Information given >>
###

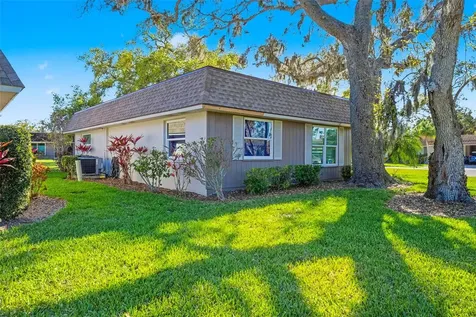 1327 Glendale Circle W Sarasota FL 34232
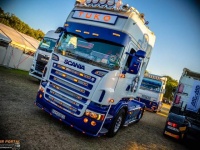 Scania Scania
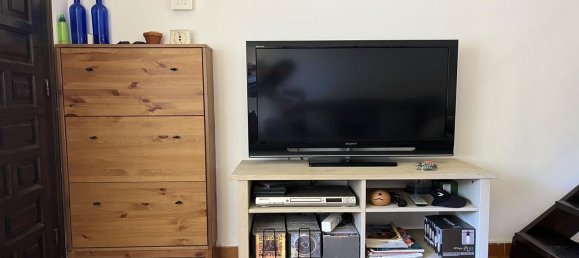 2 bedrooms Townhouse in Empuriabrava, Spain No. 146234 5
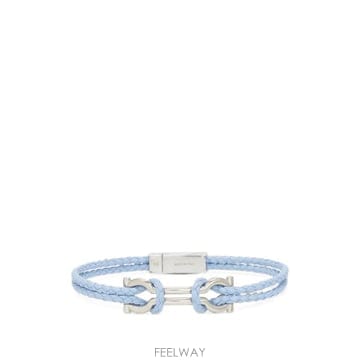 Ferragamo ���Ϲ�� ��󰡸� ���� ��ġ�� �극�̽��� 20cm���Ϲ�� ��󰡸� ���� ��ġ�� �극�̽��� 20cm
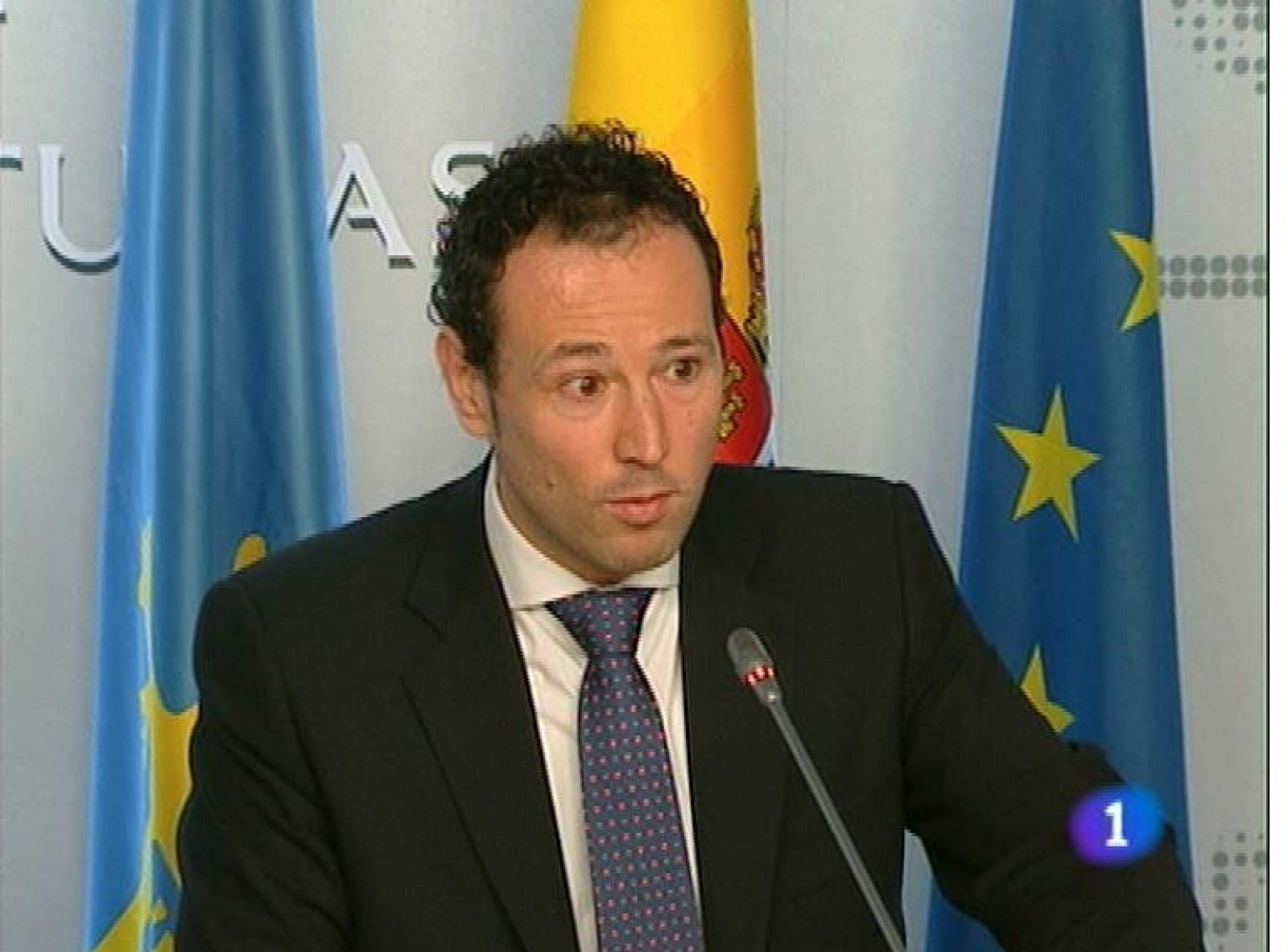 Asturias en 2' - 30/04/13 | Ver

###

Work item >>
If a record contains a picture, leave the picture out and retype everything else exactly.

Solution >>
 1327 Glendale Circle W Sarasota FL 34232
 Scania Scania
 2 bedrooms Townhouse in Empuriabrava, Spain No. 146234 5
 Ferragamo ���Ϲ�� ��󰡸� ���� ��ġ�� �극�̽��� 20cm���Ϲ�� ��󰡸� ���� ��ġ�� �극�̽��� 20cm
 Asturias en 2' - 30/04/13 | Ver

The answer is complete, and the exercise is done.